Sedona is a non-profit legal think tank or “thought leader” as they call themselves. “The mission of TSC is to drive the reasoned and just advancement of law and policy by stimulating ongoing dialogue amongst leaders of the bench and bar to achieve consensus on tipping point issues.” When I joined it was already evolving away from its early years as a small room full of (mostly) dudes mulling over best practices for preserving and producing electronic information. But they were still guiding a rapidly developing field that not a lot of people understood or cared about. The meetings were still cozy, nerdy and cerebral. Veterans welcomed newcomers and remembered them the next year.

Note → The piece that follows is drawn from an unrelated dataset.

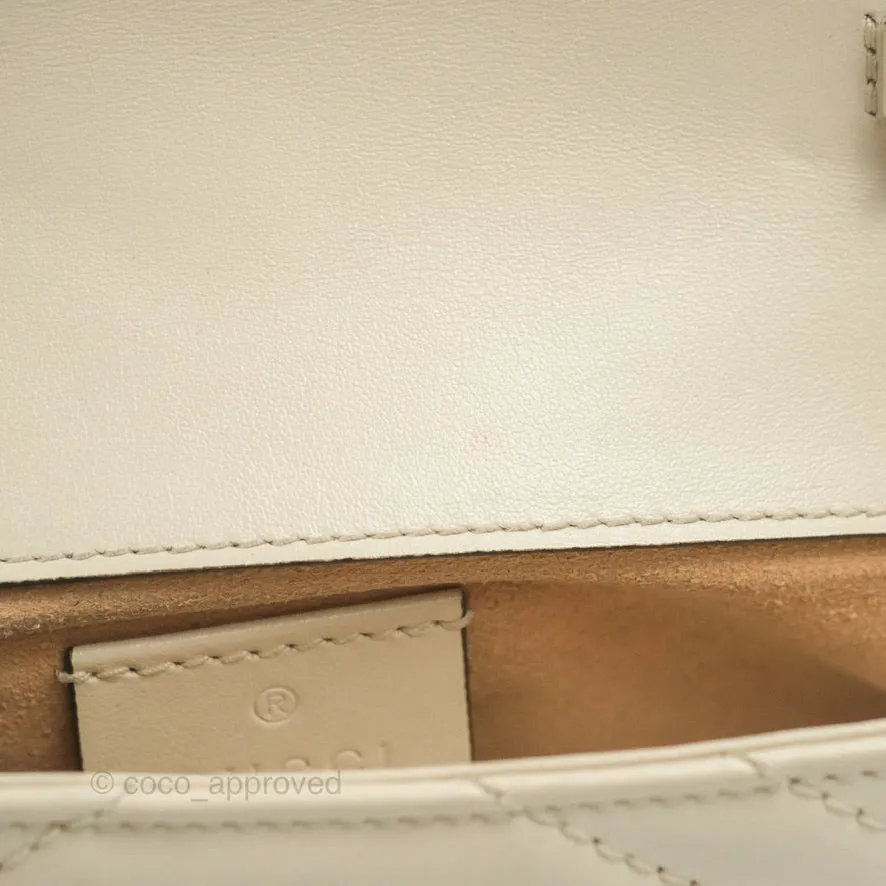 Gucci GG Marmont Matelass Leather Super Mini Bag Ivory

What does one DO at Sedona actually? A LOT of talking, that’s what. Then everyone goes home and writes and talks about it some more at the next meeting. After a while Sedona publishes a Commentary on a topic like Quality in the eDiscovery Process or Proportionality. Then judges say things like “Have you read the Sedona Cooperation Proclamation? Go home and read it and come back to me about your ‘failure’ to agree”. (nb: I’m talking specifically about “Working Group 1” of the Sedona Conference, focusing on electronic discovery, as opposed to the Working Groups that focus on antitrust or patent practice).

There’s a rule that what happens at Sedona stays at Sedona so you’re not supposed to quote anyone because a lot of the folks there have to oppose one another, appear in front of one another and otherwise have cover for what they say. One also keeps work in progress close to the vest and avoids association with commercial service providers. But mostly its people who love and understand eDiscovery talking about it detail: “What is the best practice for handling cloud data and how do we want to convey that idea?” “Why was a particular decision about the Stored Communications Act important?” “Should we do a commentary on Ethics?” “How do practitioners really understand the term ‘metadata’ if at all?”

This year I am struck by the degree to which the law writ large is grappling with rapidly moving technology. It’s nothing new that law moves slowly and technology moves quickly. But we are now working on ways in which to analogize smartphones, Googleglass, facial recognition software and wireless enabled household appliances with laws that speak in terms of police officers knocking on doors and asking to look under the bed. And the highest court in the land is made up of people who don’t use email and in some cases don’t drive their own cars (although at least they think a warrant is necessary to search a cell phone). In a group of people who have primarily been concerned about finding and organizing electronically stored information, suddenly we are discussing how to do that with information that some of us aren’t entirely certain should exist at all.

There’s no good answers for all the dilemmas at the intersection of law and technology. But I’m comforted by being around a group of people that care deeply about the answers and are willing to spend time talking about solutions.